В сырой комнате нашего общежития, в котором вечернего света не полагалось, я часто лежал в темноте с открытыми глазами и до глубокой ночи вдумывался в то положение, которое заставило человека так низко пасть во всех отношениях. Суровое белье и жестокая солдатская шинель, служившая нам подстилкою на голом полу, раздражали непривычное тело. Накуренный дурным табаком казарменный сырой воздух делал дыхание тяжелым и давил в груди. После вечерней «гармошки», на которой, между прочим, великолепно играл в соседней комнате служащий санитарного управления, хотелось покоя и отдыха, но тяжелый храп и сопение спавших мешали сосредоточиться и остаться самому с собою.

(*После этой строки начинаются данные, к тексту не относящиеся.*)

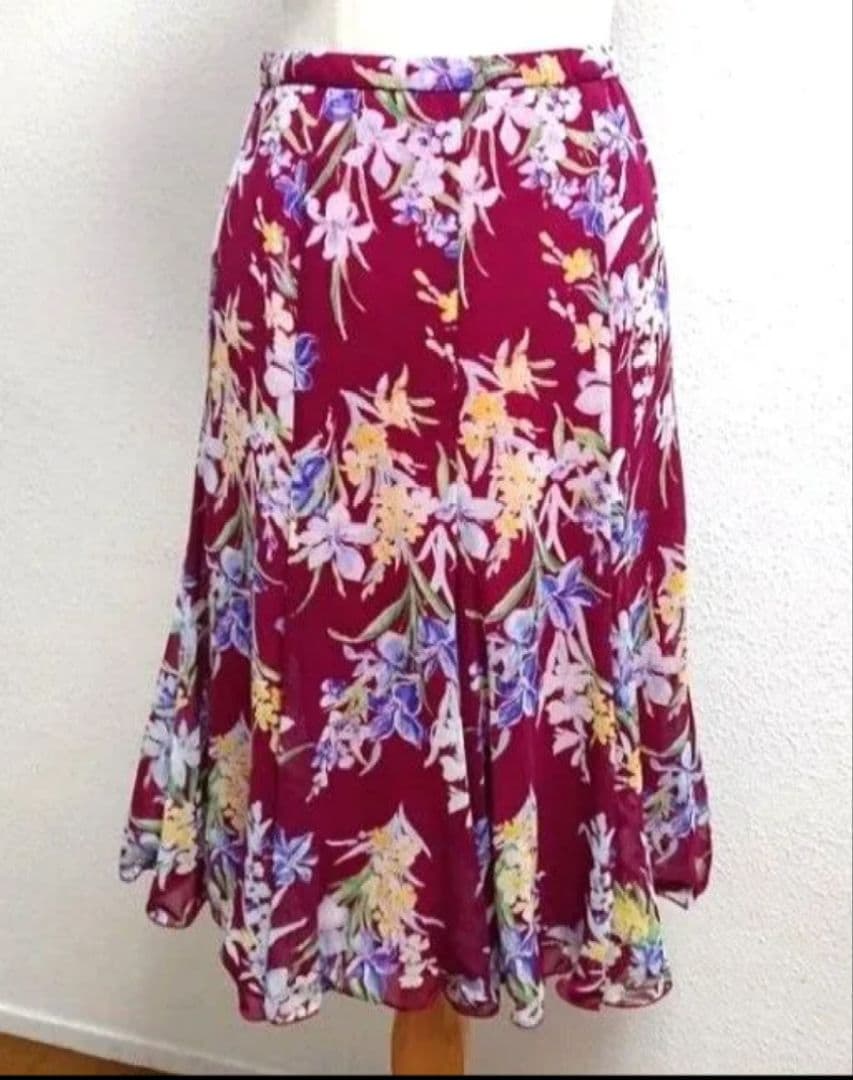 SALE☆チャコット　社交ダンス スカート　M 花柄 フレア　定価29700円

Еще несноснее были назойливые комары, методически жужжавшие в темноте возле самого уха и отвлекавшие мысль от ее течения. Невольным движением головы или рукой приходилось отмахиваться от них, чтобы предупредить неприятный укус на лице. По комнате ползали так называемые черные тараканы, которые, по народным поверьям, приносят хозяевам в дом богатство. Кто просыпался и зажигал спичку, тот находил всегда возле себя или под шинелью такого таракана и раздавливал его обыкновенно ударом сапога, от которого просыпались все в комнате. Сознание, что, может быть, в данный момент и у меня где-нибудь под шинелью ползает это неприятное насекомое, вызывало чувство гадливости и инстинктивно заставляло укутываться в шинель и закрываться ее полами. Старый и грязный пиджак, служивший мне подушкой, несомненно привлекал насекомых, и это было мне особенно противно. Пауки были всегда возле этого места и свивали к утру паутину в углу возле самой моей головы... Эти ночные обитатели нашей казармы вместе с блохами и вшами, от которых мы никак не могли избавиться, изводили нас. Может быть ночью вся эта обстановка казалась более ужасной, чем должна была быть, но все это производило жуткое впечатление.
Тем не менее мысль работала. Как наяву, воображение перерабатывало и воспроизводило в памяти пережитое, точно это было вчера. Бой в Канделе и ползущий к нам с перебитой ногой офицер; раненая лошадь, бьющаяся в луже крови, бегущая спасаться к румынской границе толпа голодных людей, гибнущая тысячами в плавнях речки Днестра; бои на Кубани, десант, ночевка в камышах; убийство сестры милосердия Энгельгардт; стоны и дурной запах раненых... все это уже пережито. Не пережито еще только одно - большевизм в России. Ни комары, ни тараканы, ни пауки, ни вши не могли нарушить течения этой тяжелой мысли. Мы вспоминали теперь те кошмарные ночи, когда мы ждали ареста и были готовы идти в Чрезвычайку, как шли на смерть десятки тысяч русских людей только за то, что они составляли особый класс интеллигентных людей. Все ужасы утонченных пыток, в которых изощрялись русские Чрезвычайки, становились кошмаром перед глазами и вызывали холодный пот на горячем лбу.
Как в лихорадке, билась мысль, останавливаясь, как нарочно, на самых ужасных картинах большевизма. Там, где все это происходит, где люди потеряли человеческий облик и превратились во что-то ужасное, чудовищно страшное и гадкое, от чего бежали обезумевшие от страха десятки, сотни и десятки тысяч людей, там остались наши родные, близкие и дорогие нам люди, составляющие смысл всей нашей жизни. Они, быть может, погибают от холода и голода и подвергаются опасностям ужасов большевизма. Все это давило в душе страшной тяжестью и вызывало холодный пот. Мы были не в состоянии отогнать эти назойливые мысли, которые давили, как кошмар, от которого обыкновенно люди просыпаются в ужасе и им становится страшно в темной комнате.
Но это был не кошмар, а действительность. Это был кошмар, от которого не просыпаются. Все спят. Только доктор Любарский иногда зажигает свечку и, садясь, начинает крутить папироску. Мы закуриваем. Доктору не спится. Он оставил в Чернигове свою 13-летнюю дочь и не может забыть своего расстрелянного большевиками сына. С опущенной головой часами сидит старик на полу и не спит. Ночь тянется бесконечно долго. Комары, как назойливые мысли, жужжат возле самого уха и неотвязчиво проникают во все щели неприкрытого тела, впиваясь в него своим ядовитым жалом, как впивались в душу эти ужасные мысли, от которых не было сил избавиться. Личная жизнь отошла на второй план, поскольку, конечно, она не давала себя чувствовать невыносимыми неудобствами жизни. Гораздо сильнее чувствовалось все то, что осталось где-то вдали, как невозвратное прошлое, погубленное бессмысленно-глупо, бесцельно, дико и гадко. Мы устали. Устали не физически, а от сознания своего бессилия и всей окружающей обстановки.